Sebuah boneka kecil dengan setengah wajahnya hangus terbakar. Tangannya bergetar saat memungut boneka itu.
“Ya Tuhan. Ini .., ini boneka siapa?” bisiknya.
Saat itu juga, udara dalam gudang berubah dingin. Bau asap tipis tercium, meski jelas-jelas tidak ada api. Dari sudut ruangan, terdengar lirih suara tangisan anak kecil.
“Ma, mama ....”
Arman tersentak, mundur perlahan hingga hampir jatuh menabrak kardus.
“Ini nggak lucu lagi, sumpah. Siapa pun kamu, jangan ganggu aku!” teriaknya dengan suara bergetar.

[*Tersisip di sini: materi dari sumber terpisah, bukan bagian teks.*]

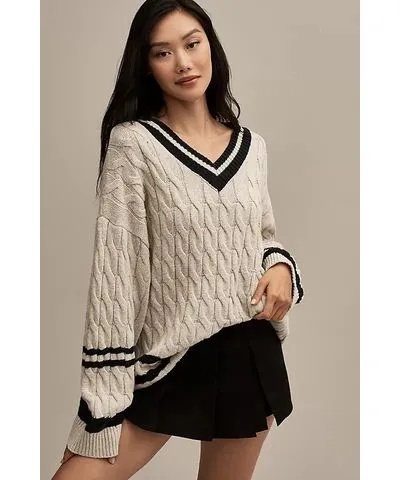 Moon River Striped V-Neck Cable-Knit Sweater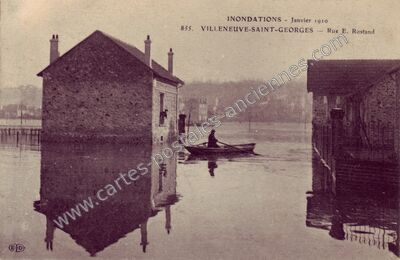 Carte postale ancienne Inondations - Janvier 1910 — Villeneuve-Saint-Georges (Val-de-Marne)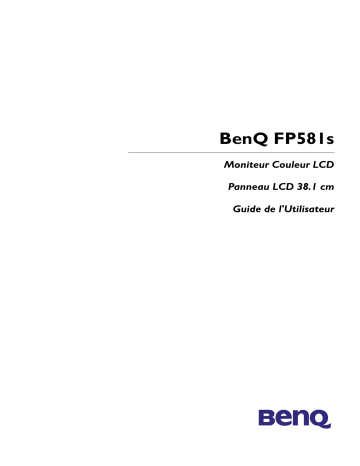Manuel du propriétaire | BenQ FP581s Manuel utilisateur | Fixfr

Tangisan itu berhenti seketika dan berakhir sunyi.
Di cermin tua yang tersandar di dinding, Arman melihat pantulan samar seorang perempuan berambut panjang dengan wajah gosong terbakar, berdiri tepat di belakangnya.
Sore menjelang malam. Arman masih terus kepikiran boneka hangus yang ia temukan di gudang. Sejak siang tadi, ia menaruh boneka itu di meja dapur dengan tujuan … entahlah. Agar bisa dipantau? Mungkin. Akan tetapi, hasilnya malah membuatnya semakin resah.

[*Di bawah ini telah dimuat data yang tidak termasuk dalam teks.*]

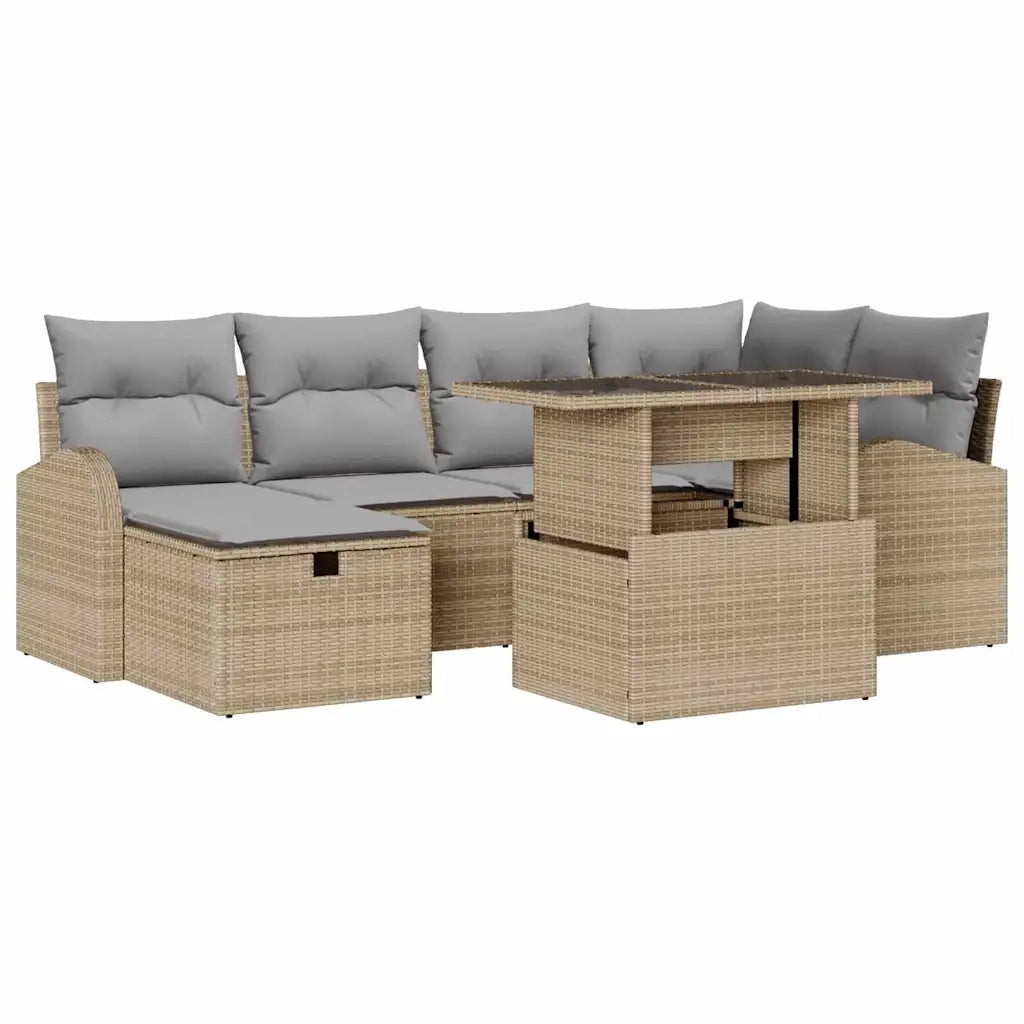 Set Divano da Giardino con cuscino 7 pcs Beige Poly Rattan 3361089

“Kalau tiba-tiba boneka ini bisa jalan sendiri, fix saya langsung cabut dari rumah ini,” gumamnya sambil menyeruput kopi sachet murahan yang sudah diseduhnya.
Bu Sumi menatap boneka itu dengan wajah cemas. “Man, kenapa kamu bawa naik ke dapur? Harusnya dibiarin aja di gudang.”

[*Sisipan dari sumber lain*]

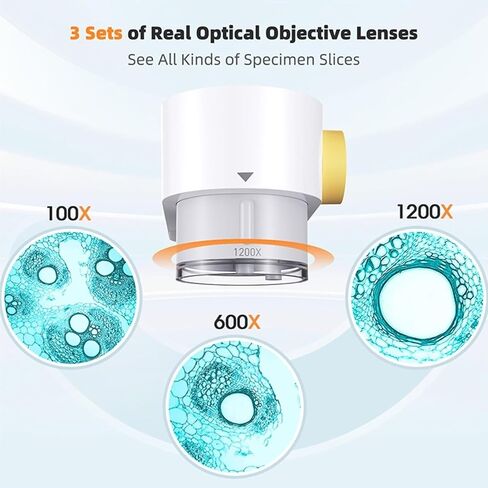 Microscope, Microscope 9-inch Biological with 1200X Magnification Digital Stereoscopic Video,for Homeschool Lab in Kuwait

Arman mengangkat bahu. “Ya masa ditinggal, Bu. Lagian kalau itu memang boneka yang ada hubungannya sama yang terbakar dulu, ya, biar kita tahu, gitu.”
Bu Sumi terdiam dan hanya menunduk, seperti menyimpan sesuatu.
Malamnya, Arman kembali ke kamar. Lampu dipadamkan, hanya cahaya bulan yang menembus lewat jendela. Ia mencoba tidur dengan posisi miring dan memeluk bantal.
Baru sebentar memejam, ia mendengar sesuatu dari arah dapur. Suara kayu berderit, seolah ada kursi yang digeser pelan.
Arman memaksa membuka mata.
“Yaelah, jangan bilang boneka itu sekarang lagi jalan-jalan,” gumamnya setengah bercanda, meski bulu kuduknya meremang.
Ia bangkit perlahan, berjalan ke dapur dengan langkah hati-hati. Dari celah pintu, ia melihat sesuatu yang membuat jantungnya hampir copot. Boneka hangus itu sudah tidak ada di atas meja.
“Waduh, ini bukan lagi film Toy Story versi Indonesia, kan?” Arman menelan ludah.
Tiba-tiba terdengar suara orang tertawa cekikikan dengan lirih. Suara anak kecil. Arman langsung memutar badan, tetapi tidak ada siapa pun di belakangnya.
Ia kembali ke kamar dengan langkah cepat. Begitu rebahan, tubuhnya langsung terasa berat. Kelopak matanya menutup dengan sendirinya. Hingga akhirnya ia terjebak dalam alam mimpi.
Dalam mimpinya, ia berdiri di tengah rumah yang sedang terbakar hebat. Api menjilat-jilat dinding, asap hitam pekat memenuhi udara. Suara jeritan perempuan terdengar dengan jelas.
“Anakku! Tolong anakku!”
Arman berlari ke arah suara itu. Ia melihat seorang perempuan muda dengan wajah gosong memeluk seorang anak kecil. Anak itu menggenggam boneka yang sama persis dengan yang ditemukannya tadi.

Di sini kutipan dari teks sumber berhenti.